- **Activity**: The expected output is the full data, repeated exactly, without pictures.

- **Data**:

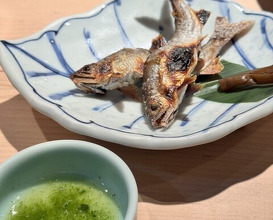 Dinner at Gion Sakagawa (ぎおん 阪川)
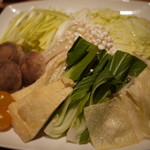 Shiki Hinabe Kashoutei - 野菜類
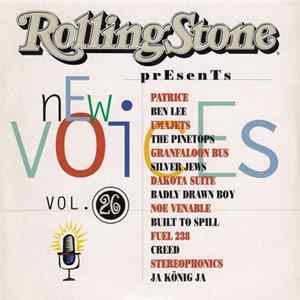 FLAC Various - New Voices Vol. 26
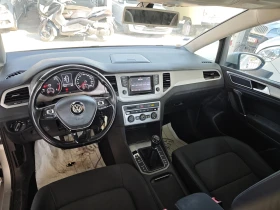 VW Sportsvan 1.6TDI CONFORTLINE BUSINESS BLUE MOTION - 14500 лв. - 51432174 9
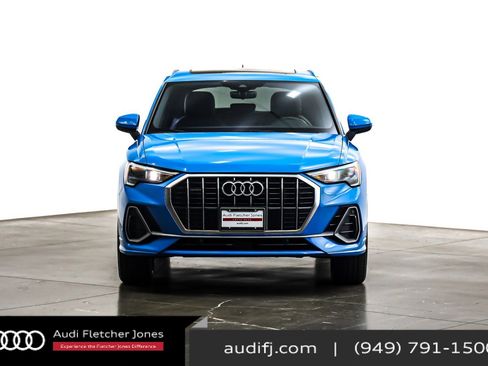 Used 2022 Audi Q3 2.0T Premium image 3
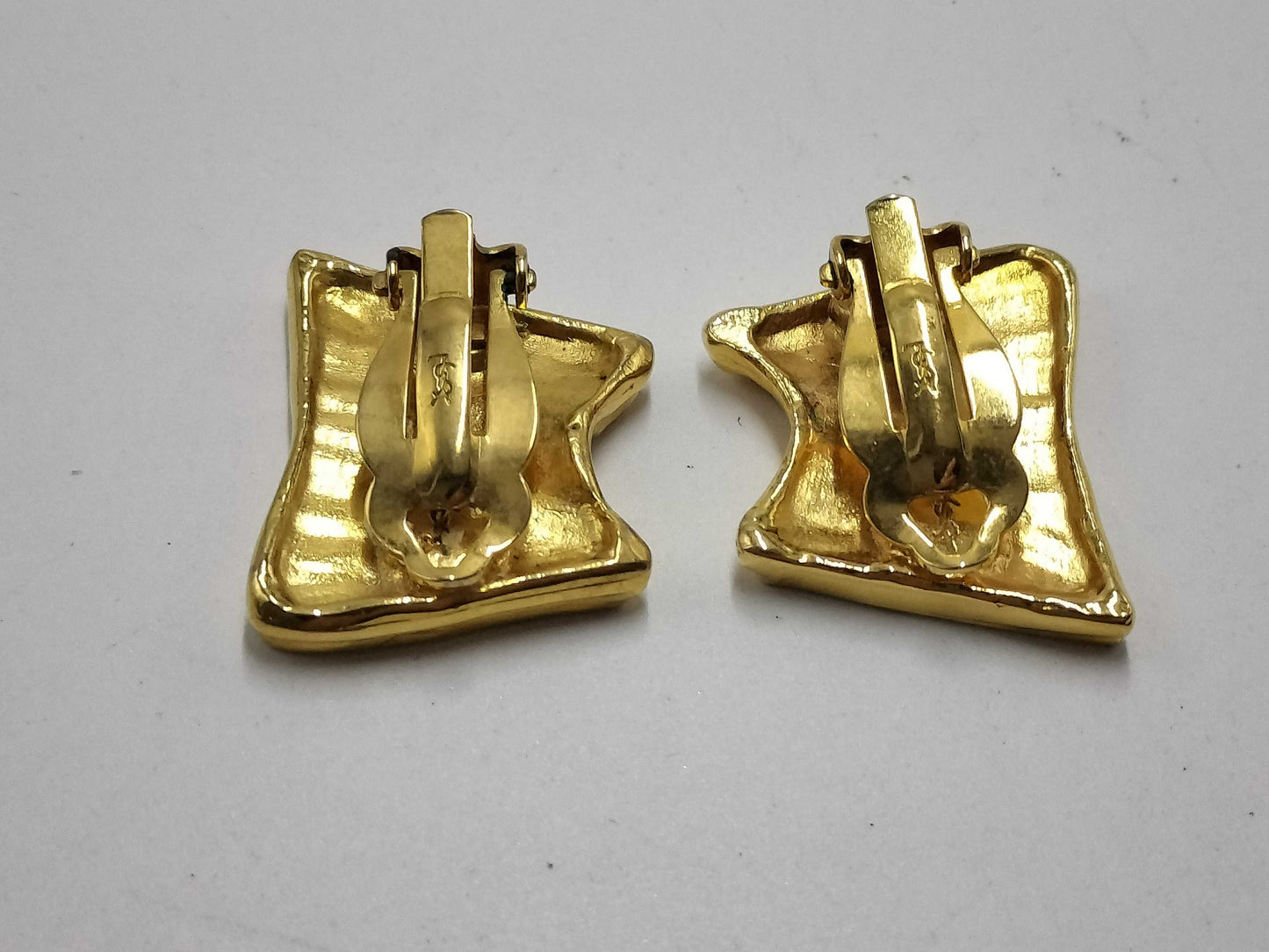 Yves Saint Laurent Earrings Earrings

- **Response area**:
 Dinner at Gion Sakagawa (ぎおん 阪川)
 Shiki Hinabe Kashoutei - 野菜類
 FLAC Various - New Voices Vol. 26
 VW Sportsvan 1.6TDI CONFORTLINE BUSINESS BLUE MOTION - 14500 лв. - 51432174 9
 Used 2022 Audi Q3 2.0T Premium image 3
 Yves Saint Laurent Earrings Earrings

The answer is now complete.